それなのにソフィア様は謝罪の言葉を苦しげに漏らす。寝台で苦しそうに身体を折っているソフィア様を抱き締める。
「いいえ、原因はレイド王国です」
「でも」
「レイド王国が一部の天使の意識を操ってソフィア様を神のみもとへ送ろうと企てていました。ですから、ソフィア様は策に組み込まれただけで、キッカケではありません」
今回の件にフェーゲ王国も噛んでいるとは、言わずとももう理解されているだろう。これだけの大事に全く関与していない国なんてあるはずがない。
「それに私とシジルでエデターエル王国にいた彼らからお話を伺い、戦の上申はペトロネア殿下が行いました。魔族にとって戦は武功を上げるための良い道具でしかありません」
「でも、あなたは争いが嫌いでしょう?」
「そうだとして、ソフィア様を喪うぐらいなら私は戦います」
この世に地獄を作ることになったとしても構わない。そこまでは告げずにソフィア様の甘い香りのする髪を撫でる。
「マリアン、もう私に様は要らないよ」
「……わかりました、ソフィア」
そう呼びかけると言い出したのはソフィア様なのに一瞬で顔を上気させた。そう反応されると、なぜか私も恥ずかしい。
「私はいつでも婚姻して構いませんよ」
「いや!構うでしょ!王女の地位のないただのソフィアを、ベリアル家が嫡男の嫁にする?」
「ええ、します。当然です」
「……ええ?」
「ふふふ、何度でもお伝えしましょう」
ソフィア様の手を取りくるりと手を返し、手首に牙をあてる。手首への口付けは執着、天使の国ではこの口付けは大きな意味を持つと聞いている。

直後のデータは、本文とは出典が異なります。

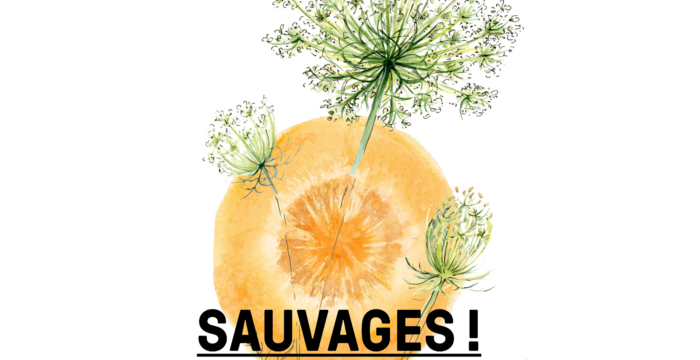 sauvages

「私はソフィアを逃すつもりはありませんよ。この世が地獄になるとしても、あなたを奪いに来る相手が神だとしても。ソフィアを失うぐらいならこの血をすべて失っても構わない」
「え、ええ……」
目を白黒させているソフィア様は口説かれ慣れていないのがわかりやすく、とても良い気分だ。
でも、私への返答を急いで聞くつもりはない。もう急がなくてもソフィア様と話せる。同国にいれば、ベリアル家の名を持って追いかけ続けることができるのだから。
世話係として別邸に来ているニルが扉の近くに来ているのを察して、ソフィア様の手を掛布団の下へ戻す。ニルは誰かに話すような口の軽いものではないが、重症のソフィア様に無体を働いたと思われるような状況は避けるべきだろう。
「ま、マリアン!欲望の神ジラーニエル悪戯と錯覚するほど、光の女神バルドゥエルの祝福をいただきました。俯く太陽が天上へ向かう、東雲の美しさに感激し、風の神シナッツエルのご加護に感謝いたします」
離れようとする私の手を握って、ソフィア様らしくない遠回しな表現で言われた言葉を意訳して、自分で自覚できるほど顔が熱くなった。
あなたからの好意を私の願望かと思ってしまうほど、嬉しく思っています。あなたを夫に迎えられることを心より喜んでいます。
まさかそこまで熱烈な返答をいただけるなんて思ってもみなかった。むしろ恨まれて、拒絶されても手放せず閉じ込めてしまうような未来も有り得た。
顔を近づけるとソフィア様の瞳が閉じられた。そのままいつかの日と同じように、甘い香りのするソフィアの唇を奪い去り、耳元で囁いた。